In Shinto, the indigenous religion of Japan, female deities play an equally important role as their male counterparts. The earliest surviving sculptures of female Shinto deities date to the ninth century, and they often form a set with a depiction of the male deity Hachiman. In contrast to those of their companion, however, the goddesses’ identities are inexact, and such sculptures show a generic woman of the imperial court in secular dress.

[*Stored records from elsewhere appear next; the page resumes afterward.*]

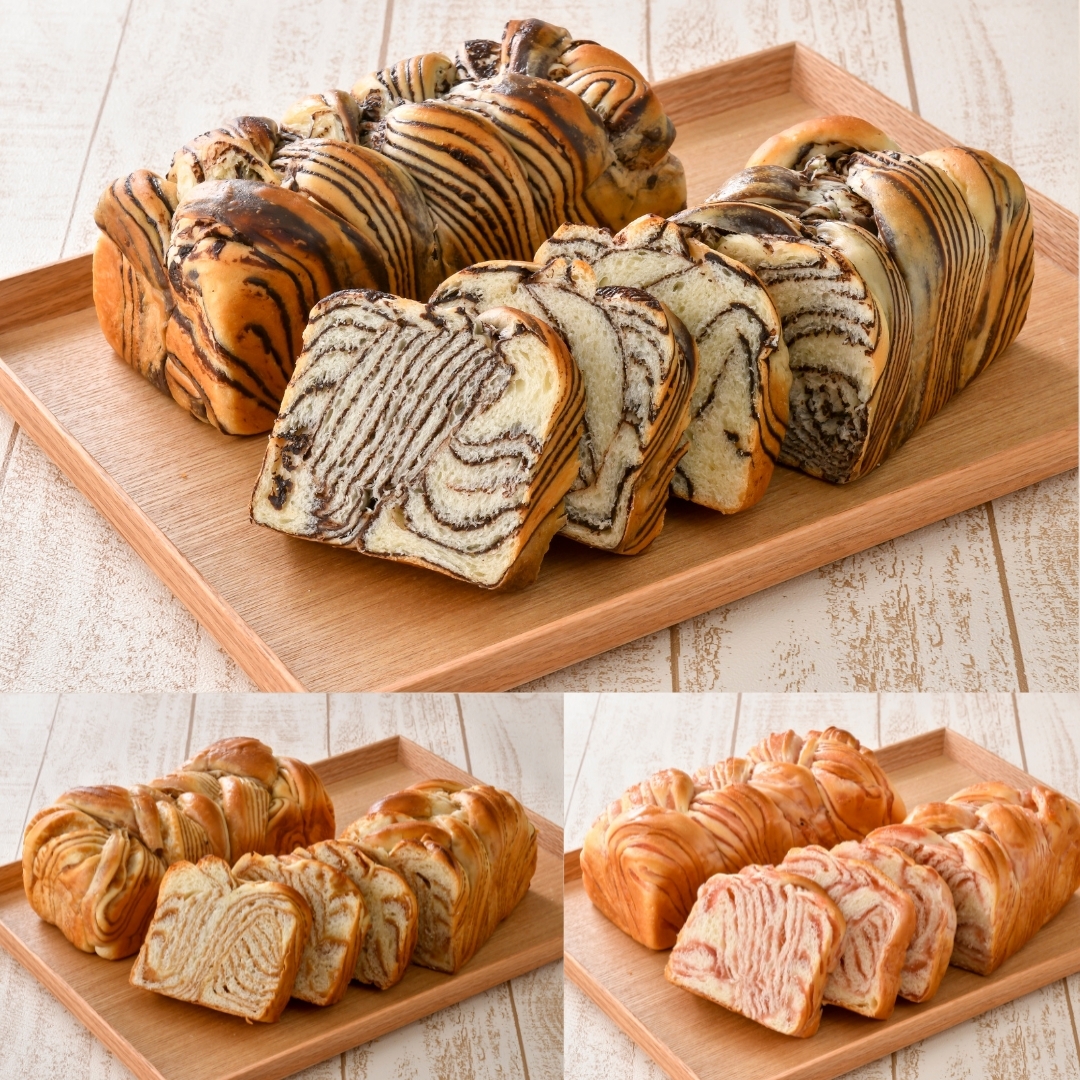 冷凍フラワーパンセット（チョコレート・メープル・ストロベリー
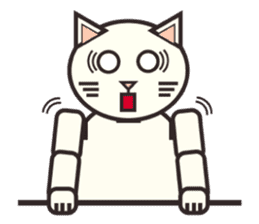 ROBO Cat English sticker #12522518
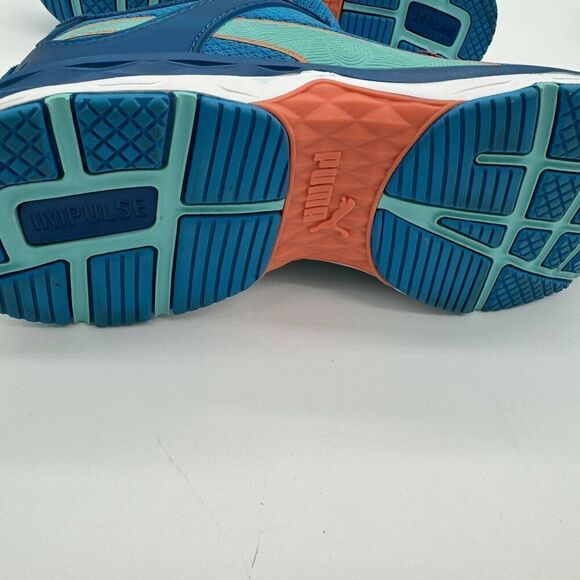 Puma Safety Beat Low 2.0 Tennis Shoes NWOB Women's Size 7M Steel‎ Toe Turquoise - Picture 11 of 16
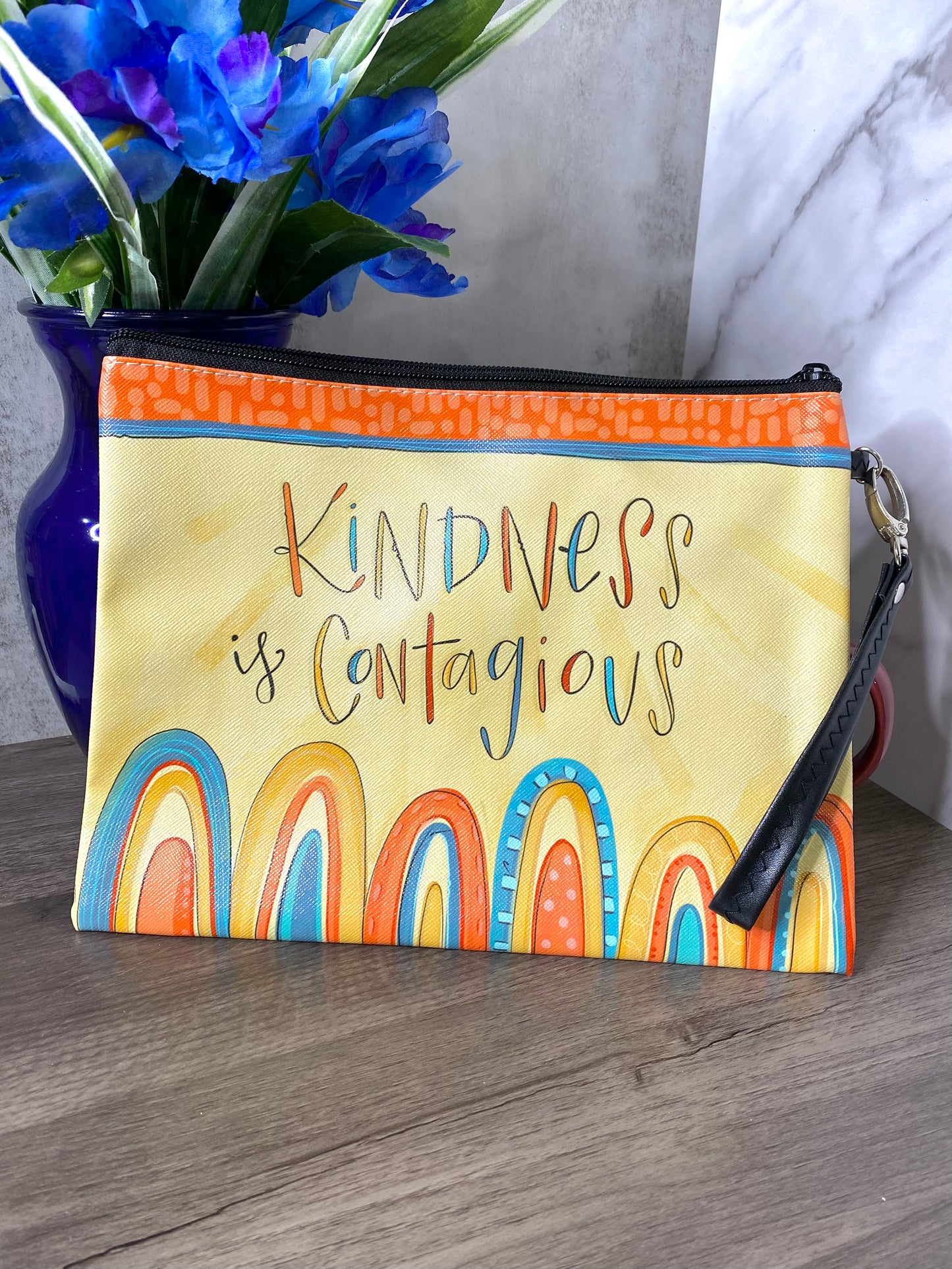 Kindness Is Contagious Makeup Bag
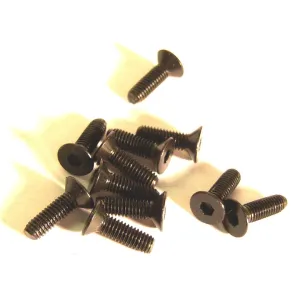 M4 x 8mm 4 x 8 Black Inner Hex Flat Socket Screw x 10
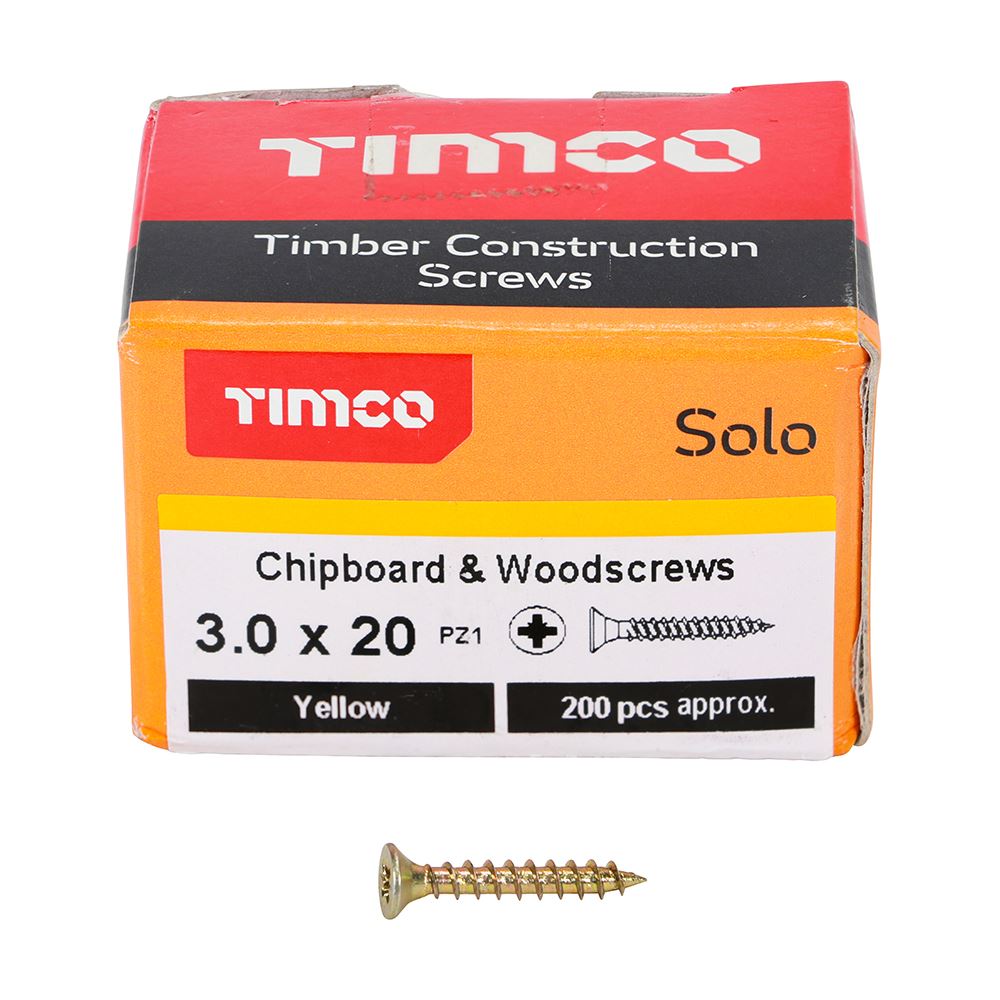 Timco - Solo Chipboard & Wood Screws - PZ - Double Countersunk. Various Sizes - Picture 13 of 178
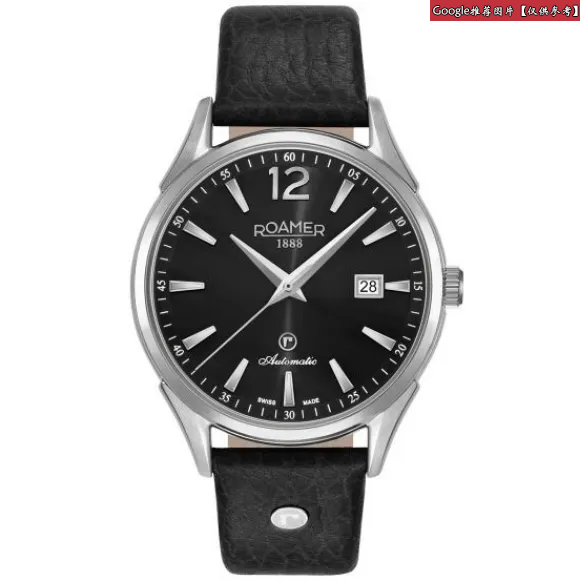 罗马表/Roamer 瑞美系列 全实心不锈钢表壳 瑞士全自动机械机芯 550660-41-55-05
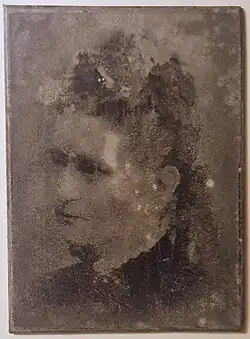 Daguerreotypi of Fredrikke Nielsen from the 1860-ies. Taken by unknown. Brita Rojahn (owner).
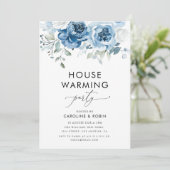 Aquarellblütenblumen Party Einladung (Stehend Vorderseite)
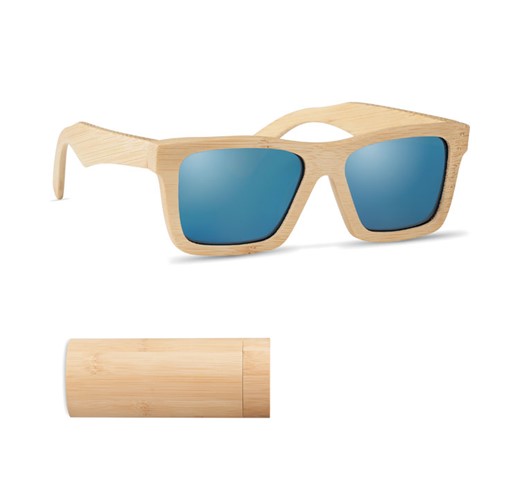 WANAKA - Sunglasses and case in bamboo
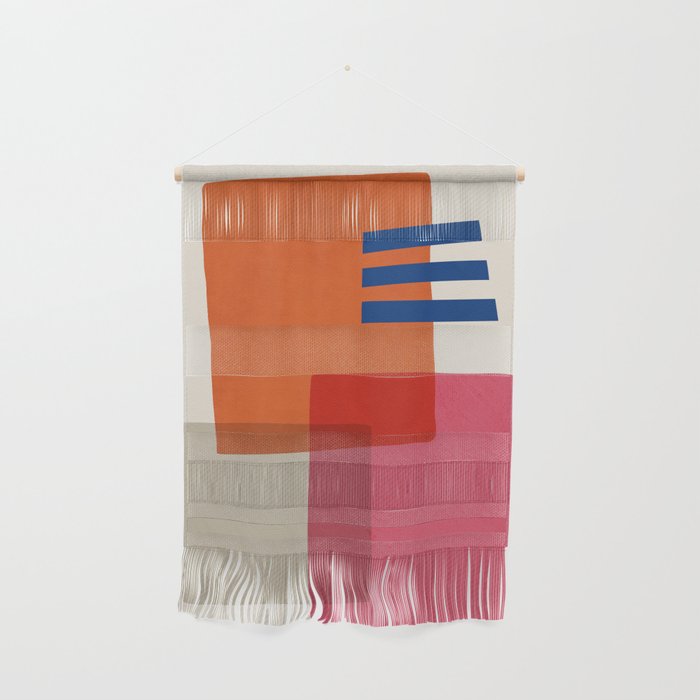 Chloe Pink Orange Blue Beige Wall Hanging Gallery Image 1
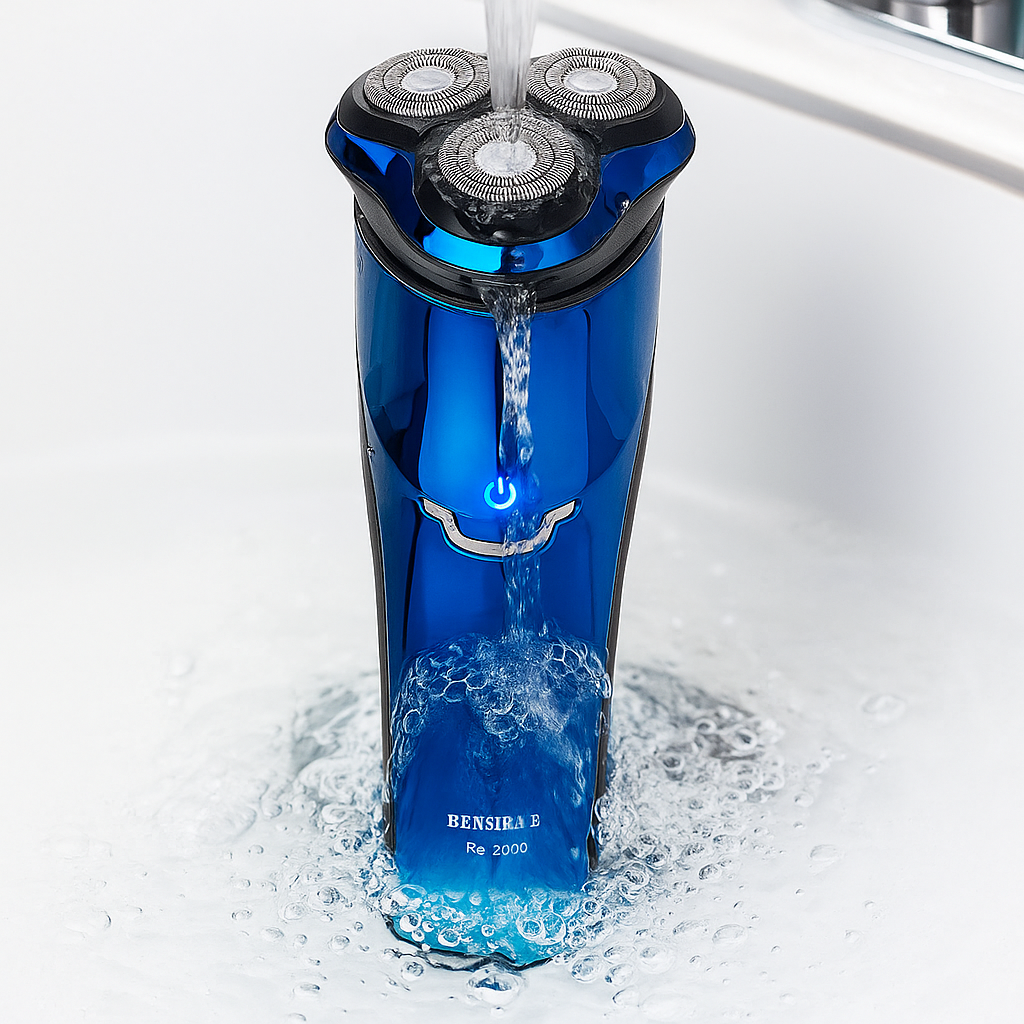 FlexShave 4D de Triple Cuchilla: ¡Precisión, Limpieza Automática y Pura Potencia!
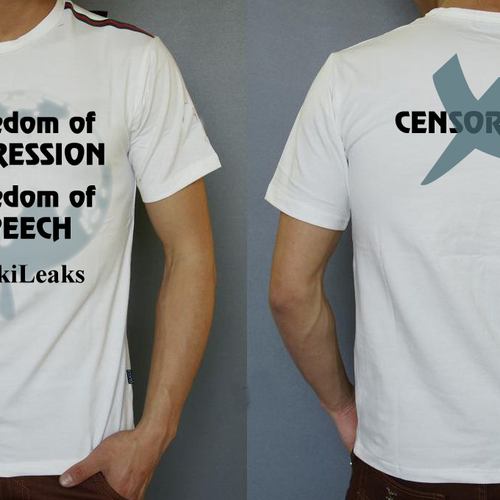 New t-shirt design(s) wanted for WikiLeaks Diseño de Adeel Ibrahim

Here the deity’s stiff pose and blocklike shape are reminiscent of other sculptures of this type, but her softened facial features and placid expression make it apparent that the artist was skilled beyond the level of an ordinary provincial sculptor. Her robes contain traces of a floral or medallion design.

On View

Asian Art, Gallery 103

Title

Female Shinto Deity

Origin

Japan

Date

1099–1199

Medium

Wood with traces of polychromy

Dimensions

25 × 17 × 10.8 cm (9 7/8 × 6 6/8 × 4 1/4 in.)

Credit Line

Purchased with Funds Provided by the Weston Foundation; Alsdorf Acquisition Fund; Russell Tyson Endowment Fund; President's Exhibition and Acquisition Fund

Reference Number

2008.159

Extended information about this artwork

Object information is a work in progress and may be updated as new research findings emerge. To help improve this record, please email .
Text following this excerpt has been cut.